After significant increases this week driven by positive expectations over Indonesia's presidential election, the nation's stocks on Friday slipped along with the rupiah, showing the unsustainability of the recent rally that was deemed as overshooting the reality in the country.
Analysts said that the advance in stock prices and rupiah during the week was a knee-jerk reaction to the presumed victory of business-friendly Joko "Jokowi" Widodo, but could not be justified by the country's and companies' financial fundamentals.
The benchmark stock index, the Jakarta Composite Index (JCI), dove 1.28 per cent to end Friday's trading at 5,032.6, after advancing 3.26 per cent from Monday through Thursday.
"After such a growth, it's only normal that people start to look at the company's fundamentals in making transactional decisions,"
First Asia Capital head David Sutyanto said, adding that the election euphoria had yet to peter out as presidential succession was still in progress.
However, he said the index might dip if presidential candidate Prabowo Subianto made a legal manoeuvre against rival Jokowi to seize victory in the presidential race.
The market might also slump in August once listed companies published their first-half financial results, according to David.
"Under normal conditions, taking macroeconomic conditions and companies' financial performance into account, the index should be at around 4,800," David explained.
Meanwhile, the rupiah dropped to 11,627 per US dollar on Friday from 11,549 on Thursday, according to Bank Indonesia's (BI) mid-rate data.
The nation's currency gained 2.5 per cent this week to 11,585 against the greenback, the best performer among emerging market currencies tracked by Bloomberg.
"Once the election's [euphoria] is over, rupiah movement would be determined by economic fundamentals, such as trade balance, inflation and others," Billie Fuliangsahar, the head of treasury with Rabobank in Jakarta, said by phone on Friday.
The rupiah's strengthening occurred amid the expected deterioration in the country's external balance, which should worry investors.
BI Deputy Governor Perry Warjiyo warned Friday that the current-account deficit "may be higher" than 4 per cent of the gross domestic product (GDP) in the second quarter.
That compares with the historic-high level of 4.4 per cent of GDP that the country posted in the second quarter last year.
The deficit spooked investors and triggered massive capital outflows from Indonesia, causing the rupiah to become Asia's worst performer in 2013 as it depreciated 26 per cent throughout the year.

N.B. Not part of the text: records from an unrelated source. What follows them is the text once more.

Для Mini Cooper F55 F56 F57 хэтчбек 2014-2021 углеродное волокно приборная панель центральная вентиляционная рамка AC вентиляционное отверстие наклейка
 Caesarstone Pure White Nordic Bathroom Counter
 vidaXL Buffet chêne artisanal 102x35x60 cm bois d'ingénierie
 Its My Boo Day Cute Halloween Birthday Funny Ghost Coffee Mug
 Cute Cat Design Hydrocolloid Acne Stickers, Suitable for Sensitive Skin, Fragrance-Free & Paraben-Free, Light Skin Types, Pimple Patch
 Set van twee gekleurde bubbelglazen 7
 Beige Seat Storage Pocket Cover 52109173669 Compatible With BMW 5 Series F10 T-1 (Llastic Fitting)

ANZ Bank currency strategist Khoon Goh said that the rupiah's post-election rally could prove to be temporary, forecasting the rupiah to weaken to 12,000 per dollar by year's end.
As the country still attempted to boost exports and rein in imports, Indonesian policymakers preferred the rupiah to stay between 11,500 and 12,000 per dollar, with BI likely to move to slow the pace of appreciation beyond 11,400, predicted HSBC Bank currency strategist Paul Mackel.
"Beyond this near-term rally, the dollar-rupiah's downside may be limited," Mackel wrote in a research note.
"After all, even with a Jokowi victory, the overall political situation is still not as ideal."
BI would monitor the rupiah's recent strengthening carefully, Perry told reporters after Friday prayers at the central bank's headquarters in Jakarta.
"If there's any movement [in the rupiah] that is away from its fundamentals, then we will enter the intervention market," he said.